Pour cette série, Mikko Nissinen avait invité Gonzalo Garcia, Principal du New York City Ballet, pour être le partenaire de Misa Kuranaga. Un choix pertinent, tant leur partenariat fonctionne parfaitement. Si Gonzalo Garcia, qui s’était blessé quelques jours auparavant, a semblé retenu dans sa danse, il fut un partenaire idéal pour Misa Kuranaga. Et au fond, ce ballet n’est-il pas avant tout celui d’Odette et d’Odile ?
Rothbart, dans la rédaction de Mikko Nissinen, apparaît comme un double maléfique de Siegfried. Ainsi, le premier acte se conclut sur une variation du Prince alors que le second s’ouvre sur un écho de cette variation par Rothbart, interprété avec une grande élégance par Sabi Varga, soliste du Boston Ballet. Il se montre tout aussi pertinent dans le pas de trois du troisième acte.

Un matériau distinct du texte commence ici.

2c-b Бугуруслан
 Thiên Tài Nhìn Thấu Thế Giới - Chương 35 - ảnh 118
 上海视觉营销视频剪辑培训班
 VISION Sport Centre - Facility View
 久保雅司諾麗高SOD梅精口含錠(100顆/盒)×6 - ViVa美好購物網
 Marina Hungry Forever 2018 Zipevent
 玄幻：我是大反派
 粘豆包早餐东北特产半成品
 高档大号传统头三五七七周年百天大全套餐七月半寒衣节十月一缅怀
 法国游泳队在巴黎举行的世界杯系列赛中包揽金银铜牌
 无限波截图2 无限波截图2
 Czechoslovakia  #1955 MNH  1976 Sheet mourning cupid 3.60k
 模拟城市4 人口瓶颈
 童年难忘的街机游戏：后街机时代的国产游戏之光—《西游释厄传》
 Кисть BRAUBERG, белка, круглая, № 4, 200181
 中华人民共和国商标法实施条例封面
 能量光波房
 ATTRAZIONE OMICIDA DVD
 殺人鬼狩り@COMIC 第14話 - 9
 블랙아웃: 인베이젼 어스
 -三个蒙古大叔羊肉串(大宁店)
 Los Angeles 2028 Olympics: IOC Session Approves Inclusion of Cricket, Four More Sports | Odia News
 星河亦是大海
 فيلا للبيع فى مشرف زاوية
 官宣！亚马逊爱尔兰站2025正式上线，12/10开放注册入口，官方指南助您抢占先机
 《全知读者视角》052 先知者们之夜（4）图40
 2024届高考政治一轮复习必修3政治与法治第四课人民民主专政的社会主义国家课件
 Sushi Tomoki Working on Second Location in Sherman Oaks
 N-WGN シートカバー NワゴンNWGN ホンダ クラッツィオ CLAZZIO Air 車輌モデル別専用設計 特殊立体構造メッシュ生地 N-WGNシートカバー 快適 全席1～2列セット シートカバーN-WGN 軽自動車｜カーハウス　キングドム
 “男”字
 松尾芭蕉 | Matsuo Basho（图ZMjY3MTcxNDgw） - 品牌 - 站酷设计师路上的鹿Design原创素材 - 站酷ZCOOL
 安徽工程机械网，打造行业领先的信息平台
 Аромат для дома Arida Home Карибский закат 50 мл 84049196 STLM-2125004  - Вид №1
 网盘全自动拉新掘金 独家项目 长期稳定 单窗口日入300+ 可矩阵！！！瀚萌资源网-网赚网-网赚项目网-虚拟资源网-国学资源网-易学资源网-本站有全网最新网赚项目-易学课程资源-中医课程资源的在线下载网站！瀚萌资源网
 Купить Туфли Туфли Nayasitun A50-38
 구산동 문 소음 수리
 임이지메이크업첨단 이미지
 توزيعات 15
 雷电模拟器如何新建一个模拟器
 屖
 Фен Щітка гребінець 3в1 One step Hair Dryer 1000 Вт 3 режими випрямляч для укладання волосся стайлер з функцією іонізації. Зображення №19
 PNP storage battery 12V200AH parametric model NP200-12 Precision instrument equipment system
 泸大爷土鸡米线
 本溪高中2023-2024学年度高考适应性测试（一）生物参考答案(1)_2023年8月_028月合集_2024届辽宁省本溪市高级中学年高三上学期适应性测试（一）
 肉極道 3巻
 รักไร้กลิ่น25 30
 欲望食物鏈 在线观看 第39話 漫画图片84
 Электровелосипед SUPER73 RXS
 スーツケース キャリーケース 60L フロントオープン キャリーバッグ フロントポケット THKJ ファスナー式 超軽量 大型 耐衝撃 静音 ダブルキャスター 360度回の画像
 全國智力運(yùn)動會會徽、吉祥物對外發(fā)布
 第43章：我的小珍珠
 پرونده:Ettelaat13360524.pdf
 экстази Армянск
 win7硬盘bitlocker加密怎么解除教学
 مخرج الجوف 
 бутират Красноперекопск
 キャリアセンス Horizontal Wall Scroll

Mais il n’y a pas de Lac des Cygnes réussi sans un excellent corps de ballet. Il n’y a rien à redire sur le deuxième acte, avec un alignement parfait des Cygnes. Certains ports de bras, moins rigoureux, sont peut-être plus contestables mais l’impression d’ensemble est fort réussie. Il y a quelque chose de l’esprit de troupe qui transparaît dans Le Lac des Cygnes dansé par le Boston Ballet. C’est aussi le résultat du travail minutieux de Mikko Nissinen qui signe là une très grande réussite de sa direction artistique. L’immense Violette Verdy, nous a quittés le 8 février dernier, a dirigé le Boston Ballet de 1981 à 1984, comme le rappelait le programme avec un portrait souriant et mutin de cette danseuse française unique. Ces représentations du Lac Des Cygnes lui étaient dédiées. On imagine qu’elle aurait été enchantée.
Le Lac des cygnes de Mikko Nissinen d’après Marius Petipa et Lev Ivanov, par le Boston Ballet au Boston Opera House. Avec Misa Kuranaga (Odette/Odile), Gonzalo Garcia (Prince Siegfried) et Sabi Varga (Rothbart). Mercredi 25 mai 2016.